Problem statement:
Both the line containing "پزشکیان: مصوبات سفر" and the line containing "tamsiai-melyna-unisex-marskineliai-su-spauda-uzimtas" belong to the span. Output exactly that span from the listing below, and nothing outside it.

Listed records:

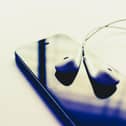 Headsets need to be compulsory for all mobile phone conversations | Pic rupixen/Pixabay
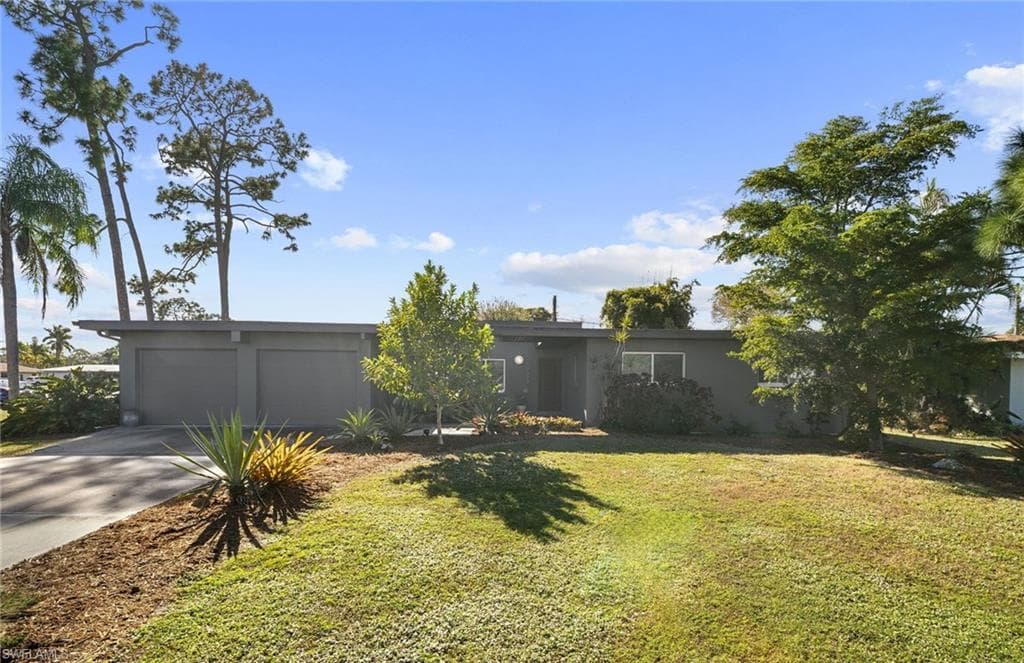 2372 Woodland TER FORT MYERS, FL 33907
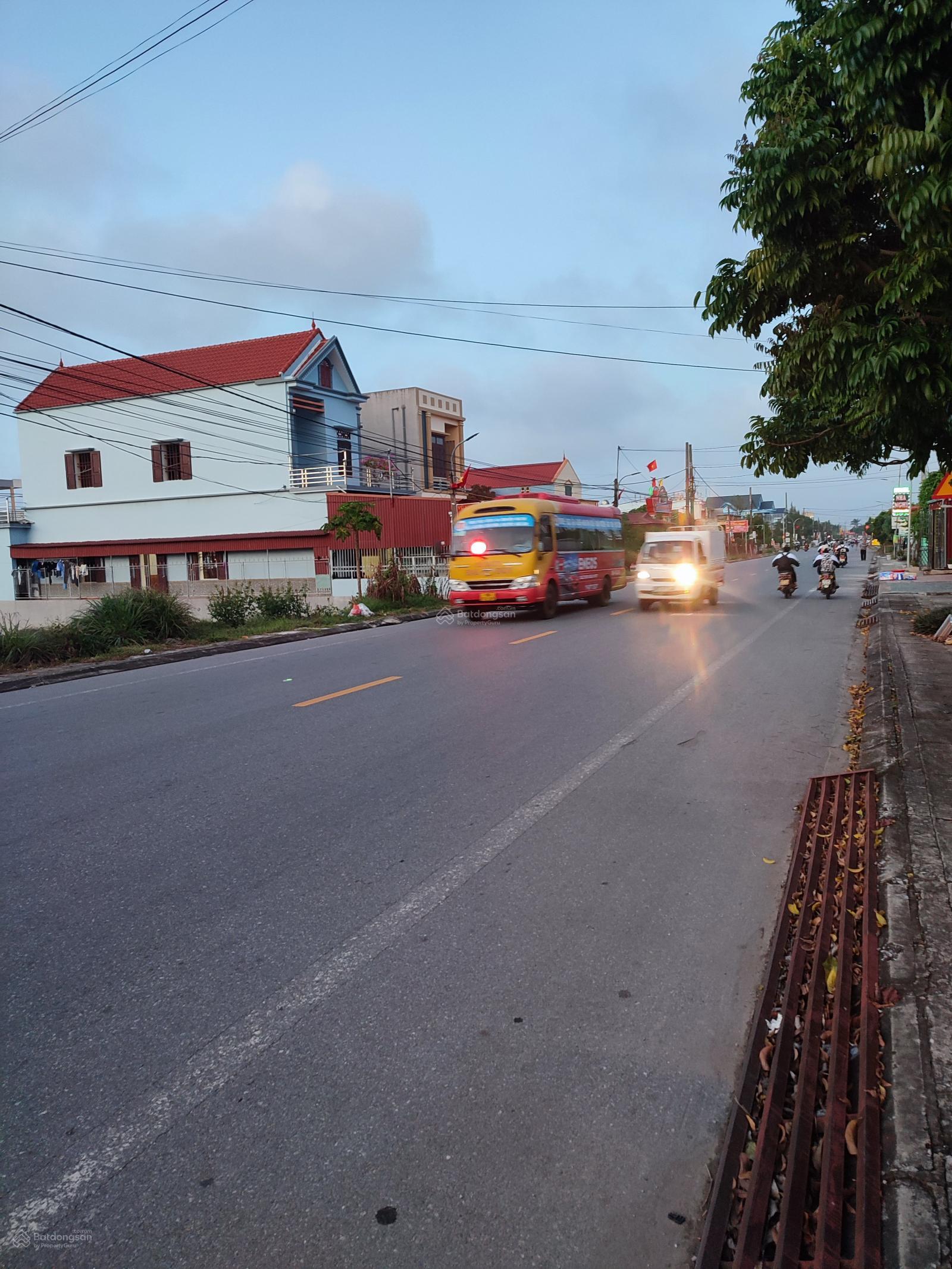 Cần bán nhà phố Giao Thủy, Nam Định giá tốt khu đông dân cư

==

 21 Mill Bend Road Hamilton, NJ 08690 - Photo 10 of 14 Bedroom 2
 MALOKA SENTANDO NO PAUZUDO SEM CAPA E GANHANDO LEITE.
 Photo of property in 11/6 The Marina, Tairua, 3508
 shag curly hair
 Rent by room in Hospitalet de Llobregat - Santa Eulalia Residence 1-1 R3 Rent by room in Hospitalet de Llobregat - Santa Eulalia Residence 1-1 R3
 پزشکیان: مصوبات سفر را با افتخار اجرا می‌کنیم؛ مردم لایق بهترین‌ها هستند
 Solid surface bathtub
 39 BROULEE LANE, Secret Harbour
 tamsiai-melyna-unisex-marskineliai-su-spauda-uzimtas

Written reply:
 پزشکیان: مصوبات سفر را با افتخار اجرا می‌کنیم؛ مردم لایق بهترین‌ها هستند
 Solid surface bathtub
 39 BROULEE LANE, Secret Harbour
 tamsiai-melyna-unisex-marskineliai-su-spauda-uzimtas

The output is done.